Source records
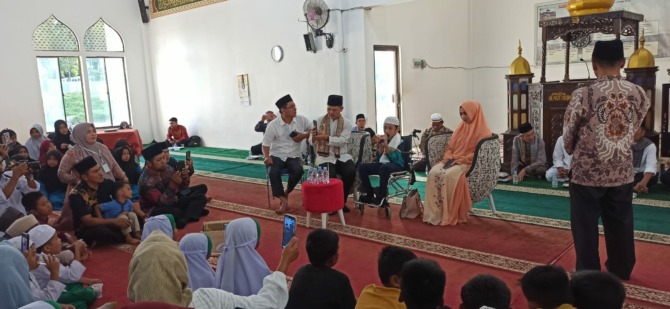M Naja saat jadi motivator di masjid al muttaqin Tigojangko, Sabtu (24/12).(IST)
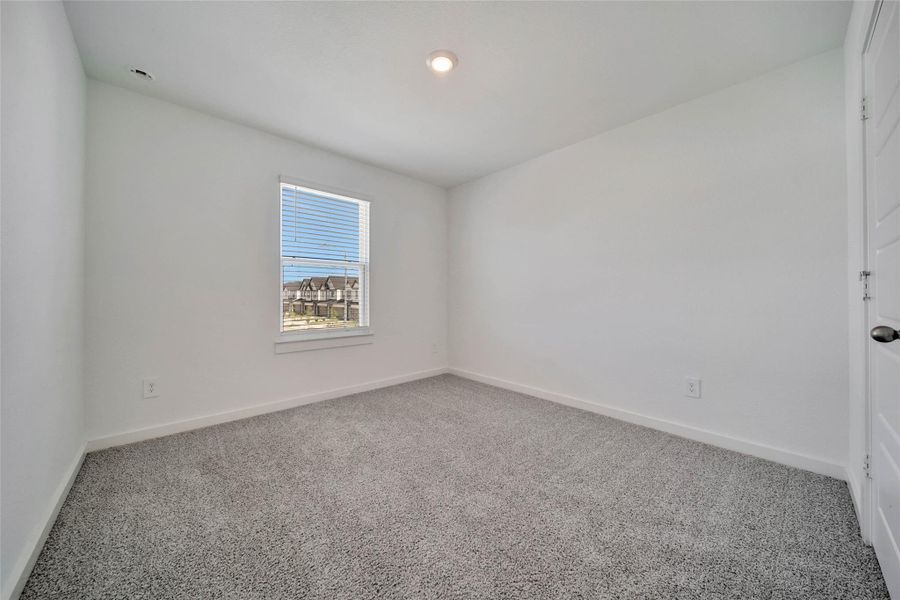 Spacious, unfurnished interior of a new home in City Gate, Houston (Image 14).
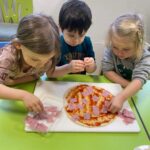 Przedszkolaki przygotowują pizzę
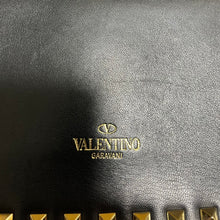 画像をギャラリービューアに読み込む, VALENTINO GARAVANI ヴァレンティノ ガラヴァーニ ロックスタッズクラッチバッグ ポーチ FWB00399-ANBD01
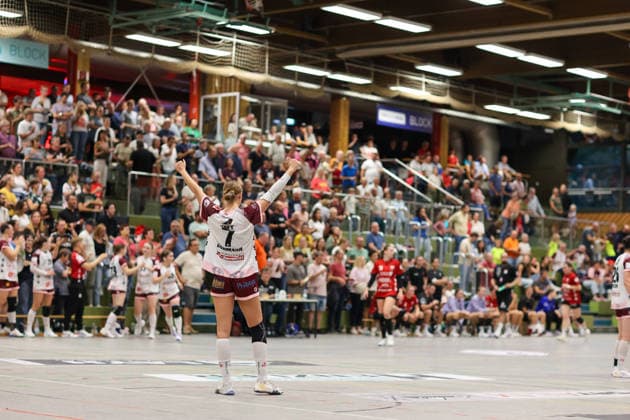Nantke Ackmann (HL Buchholz 08-Rosengarten, 7) freut sich über einen erfolgreichen Siebenmeterwurf GER, SG Nuertingen-Zizishausen vs. HL Buchholz 08-Rosengarten, Handball, 2. ALSCO Handball Bundesliga Frauen, 4. Spieltag, Spielzeit 2026 2027, 19.09.2026 GER, SG Nuertingen-Zizishausen vs. HL Buchholz 08-Rosengarten, Handball, 2. ALSCO Handball Bundesliga Frauen, 4. Spieltag, Spielzeit 2026 2027, 19.09.2026 Steinenberg Copyright: xEibner-Pressefoto SoerenxHerwegx EP_SHG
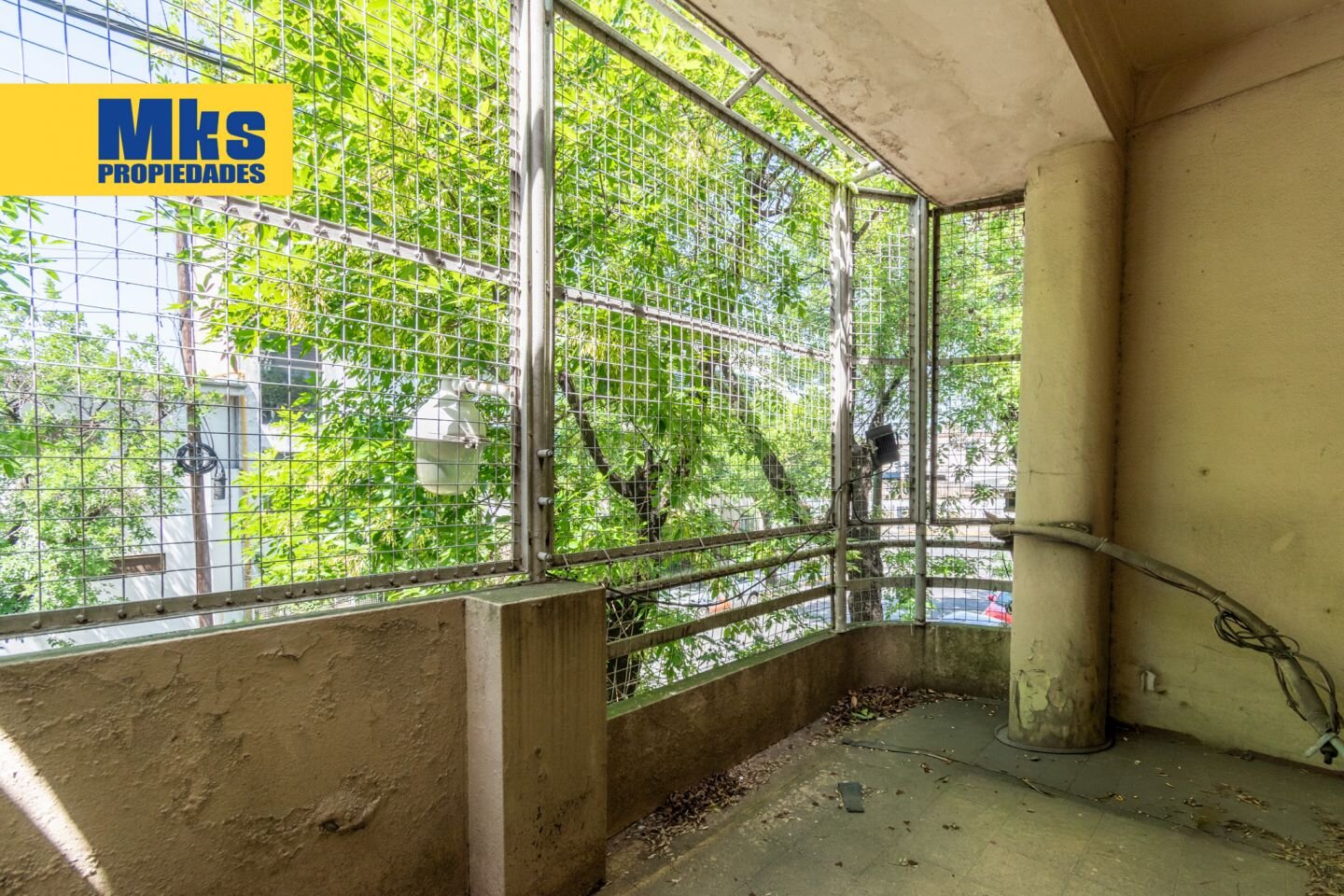 Venta. Casa sobre lote propio. Piscina y terraza. 5 dormitorios. - 26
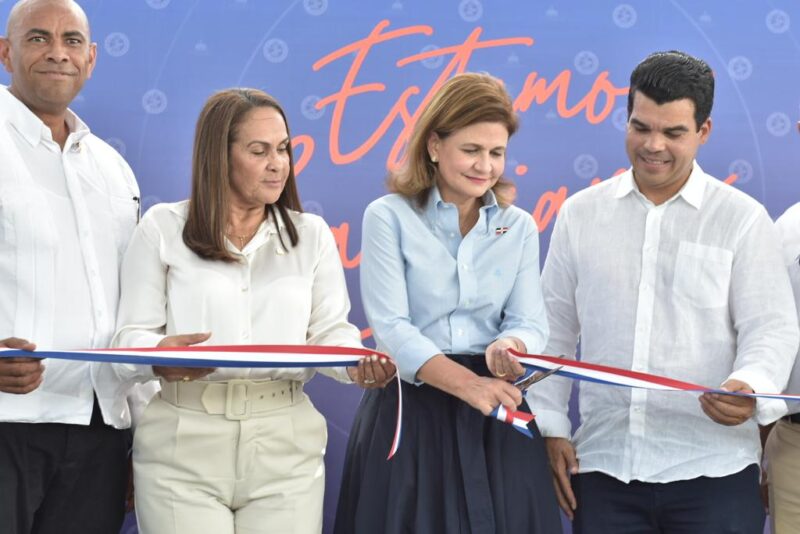 La vicepresidenta de la República, Raquel Peña, y Wellington Arnaud, director del INAPA, inaugura planta de aguas residuales en Castillo, provincia Duarte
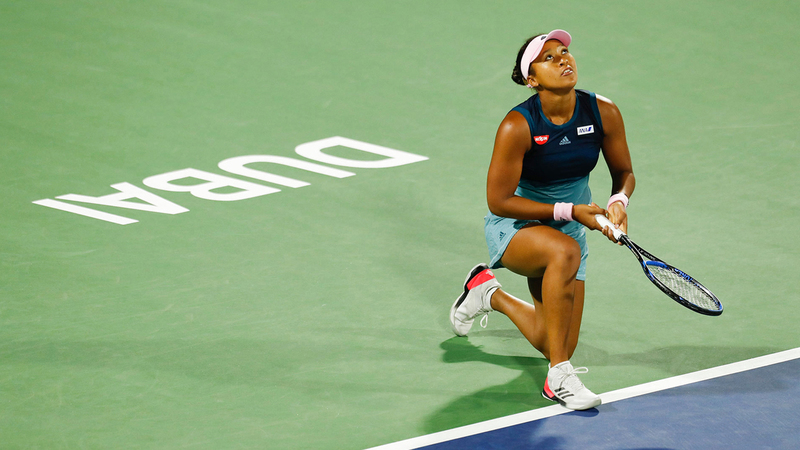 وداع حزين للمصنفة الأولى عالمياً اليابانية نعومي أوساكا في تنس دبي. تصوير: باتريك كاستيلو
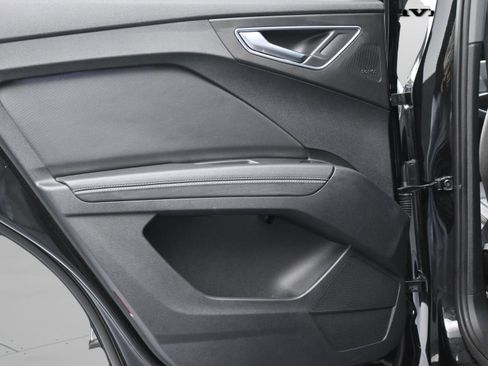 Used 2023 Audi Q4 e-tron Prestige w/ Black Optic Package image 34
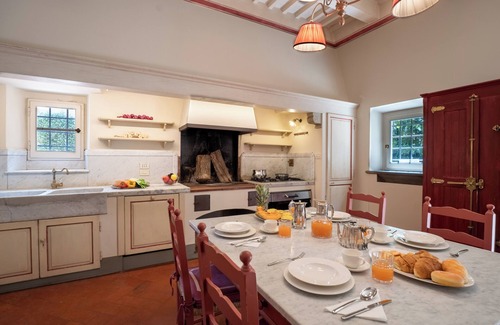 Poggio a Caiano Villa | Villa Loretino - Ultimate Luxury in Florence
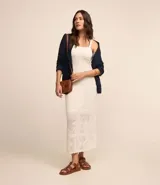 Vestido midi de punto color crema con breteles medianos y escote cuadrado.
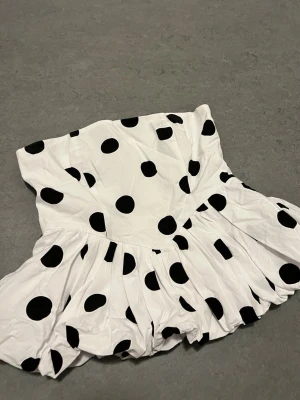 Ballongtopp - Prickig topp🖤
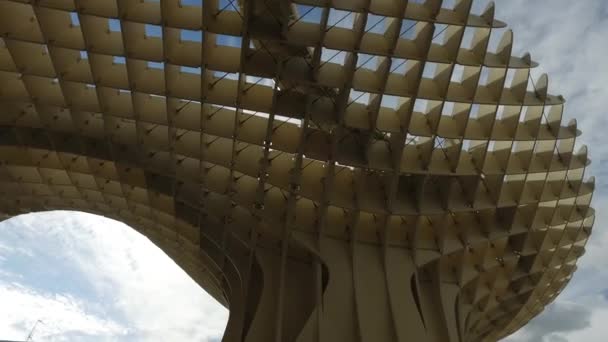 Sevilla, Andalusia, Spania - 18. april 2016: Metropol Parasol, trestruktur formet som en stor sopp – stockvideo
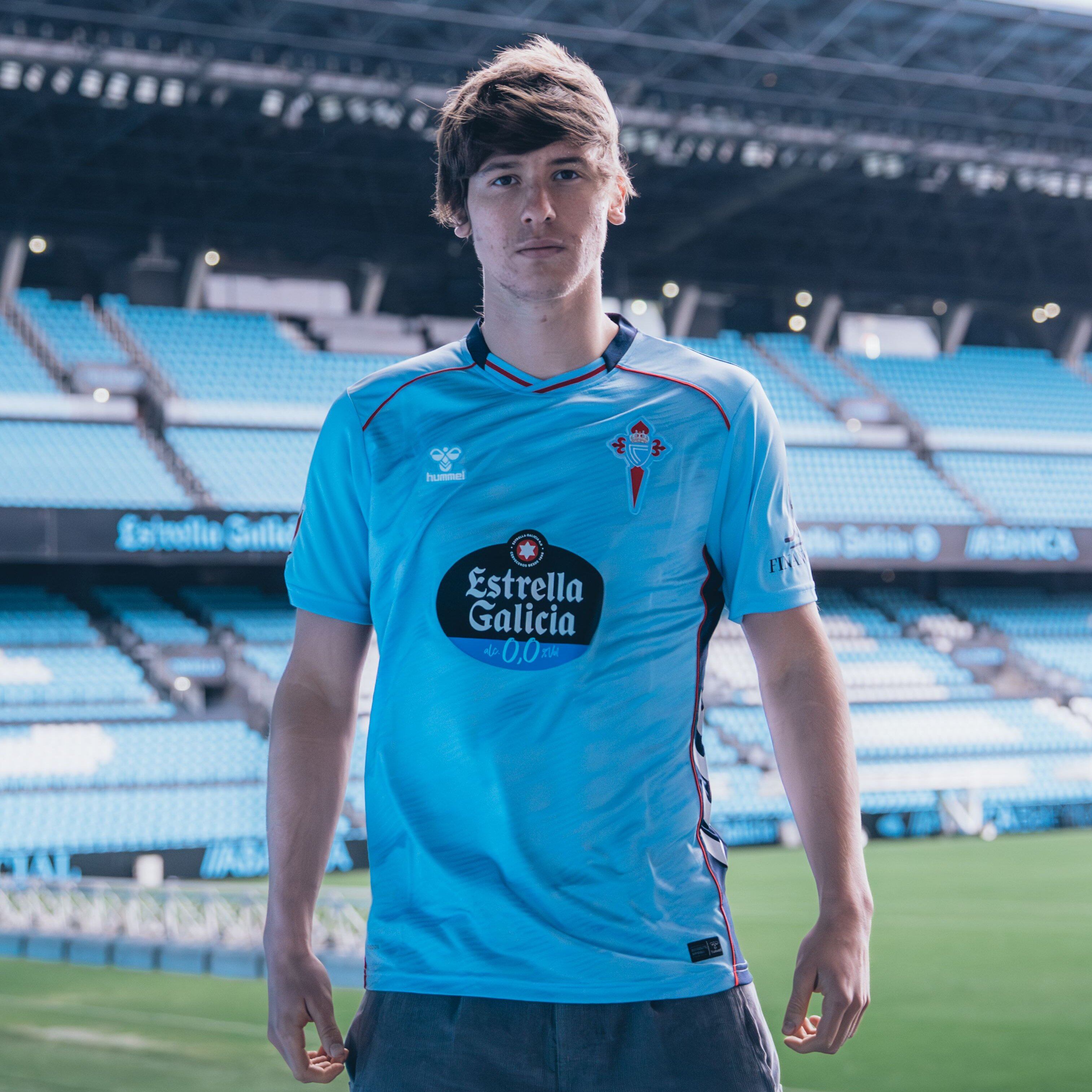 Fer López en Balaídos después de regresar al Celta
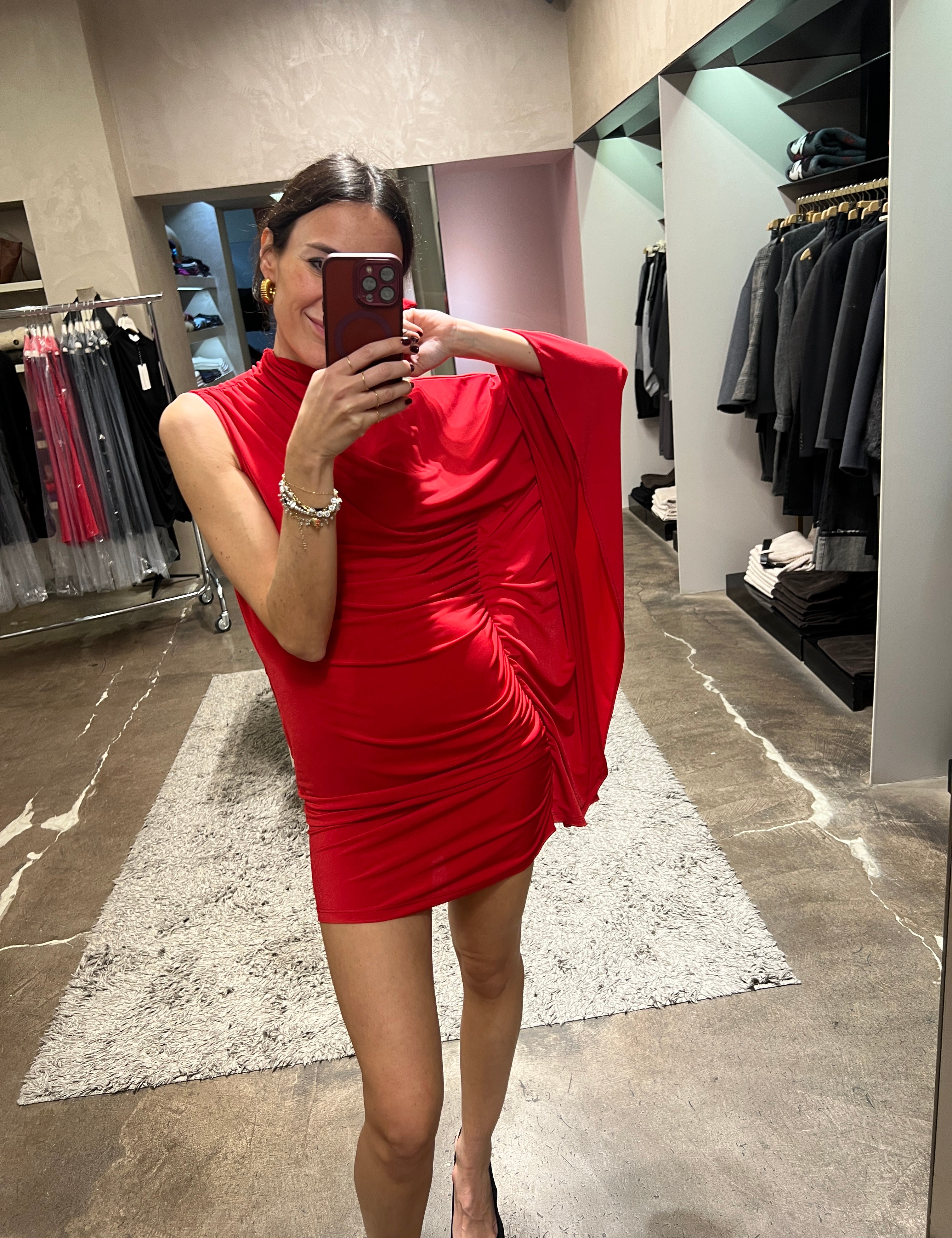 Abito corto manica cappa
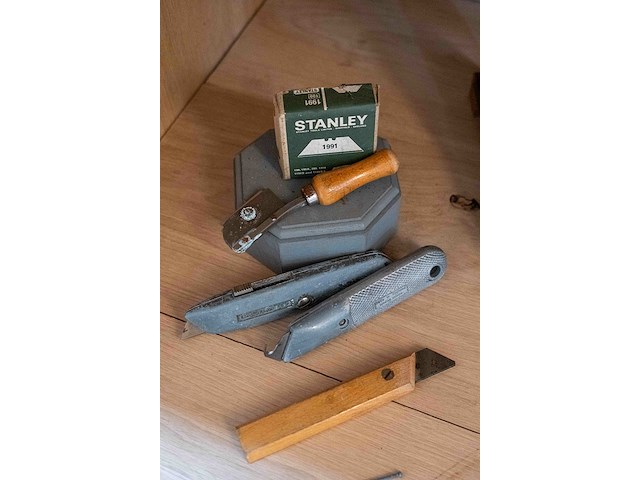 Kast 8_ijzeren schaven stanley e.a. - afbeelding 9 van  9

* WORK ITEM *
Print, please, exactly the lines from the one holding "Poggio a Caiano" through the final line of the data, both included, while leaving out each picture.

* RESPONSE AREA *
 Poggio a Caiano Villa | Villa Loretino - Ultimate Luxury in Florence
 Vestido midi de punto color crema con breteles medianos y escote cuadrado.
 Ballongtopp - Prickig topp🖤
 Sevilla, Andalusia, Spania - 18. april 2016: Metropol Parasol, trestruktur formet som en stor sopp – stockvideo
 Fer López en Balaídos después de regresar al Celta
 Abito corto manica cappa
 Kast 8_ijzeren schaven stanley e.a. - afbeelding 9 van  9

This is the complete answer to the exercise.